ARGUMENTS ADVANCED BY THE RESPONDENT:

  1.  The respondent's learned counsel claimed that once a check is tendered as payment for a debt and as fulfilment of an obligation, its dishonour makes the signatory liable for prosecution. The rulings in Rajeshbhai Muljibhai Patel v. State of Gujarat and Bhupesh Rathod v. Dayashankar Prasad Chaurasia have been cited in this regard. According to the Negotiable Instruments Act, 1881's provisions and the ruling in Mojj Engg. Systems Ltd. v. A.B. Sugars Ltd., it is asserted that the petitioners' claims that they had rendered the cheque undated are misguided and legally untenable. 
  2. It is further stated that the petitioners had the proper authority to act on behalf of the accused Company when they issued checks to the respondent Bank to pay off their uncontested obligations related to the credit facility.
  3. The complaint contains specific accusations and averments against the petitioners, and the learned trial court has summoned the suspects after due deliberation and consideration of all the evidence.
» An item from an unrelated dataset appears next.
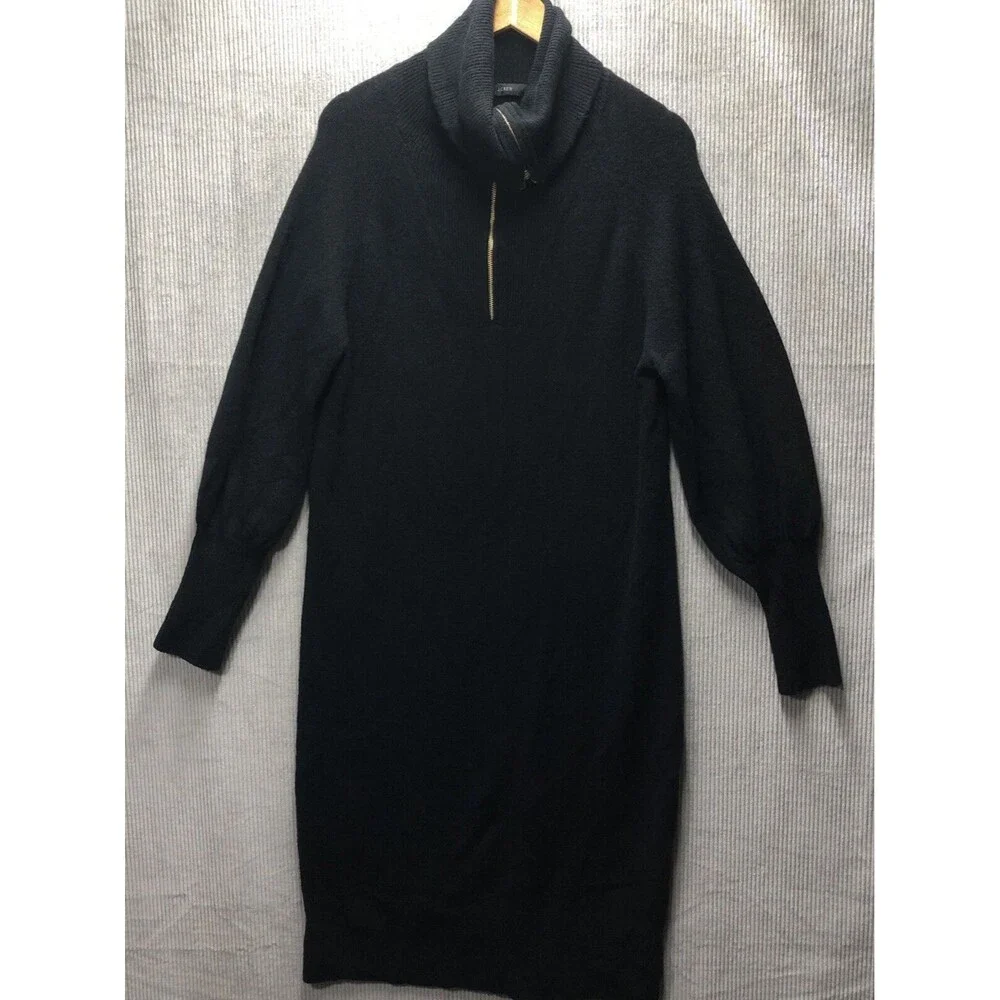 J Crew Sweater Dress Wool Zip Up Turtleneck Mini Long Sleeve Size Unknown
The petitioners' claims are asserted to be triable issues, and it is argued that because of this, no mini-trial is currently being considered, especially in cases where the complaint clearly reveals the commission of an offence.

JUDGEMENT ANALYSIS:

  1. The court emphasised that under Section 139 of the NI Act, a presumption arises in favour of the holder of the cheque when the issuance of the cheque is admitted or established. Until the accused successfully refutes it with evidence, this presumption stands.
  2.  The petitioners' resignations from their positions with the accused company were at the centre of the main argument. The petitioners argued that at the time of the dishonour, they had left the company and were no longer actively involved in its operations.
  3. The petitioners' resignation and subsequent release from responsibility for the returned checks were issues of fact that needed to be resolved during the trial, the court emphasised. It declared that the bank should be permitted to offer proof to back up its claims.
  4.  The court rejected the idea of early dismissal of the petitioners' case, stating that doing so would prevent a full investigation of the evidence during the trial. It deemed this to be improper, especially in light of the sizeable sum of public funds at stake.
  5. The court addressed the question of vicarious liability, stating that absent strong evidence to the contrary, the petitioners' purported resignation did not automatically release them from responsibility for the company's actions.
  6. In the end, the decision upheld the necessity of holding a trial to determine whether the petitioners' assertions about their resignations and responsibility for the returned checks were true. It emphasised the need for a careful review of the evidence during the trial stage and stressed how the presumption under Section 139 NI Act should not be lightly dismissed.

CONCLUSION:

The petitioners were employees of the holding company of Accused 1 and were its authorised signatories when the credit facility was obtained from the respondent Bank. They did not inform the respondent Bank about their resignations, but rather asked the accused company to do so. The respondent Bank was only informed about the factum of resignations through a reply to legal notice under Section 138 of the NI Act, 1888, dated 3-2-2020 by petitioner Hemant Dhingra. The amount in dispute is Rs. 25 crores of public money, and the petitioners are the signatories to the dishonoured cheques. The liability of the accused Company is not disputed by the petitioners. Statutory legal notices sent by the complainant were also addressed to the petitioner. Specific averments have been made against the petitioners in the complaint. If the petitioners' plea is accepted, it would amount to snatching away the right of the respondent Bank to examine the signatories of the cheques before the trial court. It would be prudent to permit the respondent Bank to lead evidence in support of its claim, and dropping proceedings against both signatories at the initial stage would amount to throttling the trial.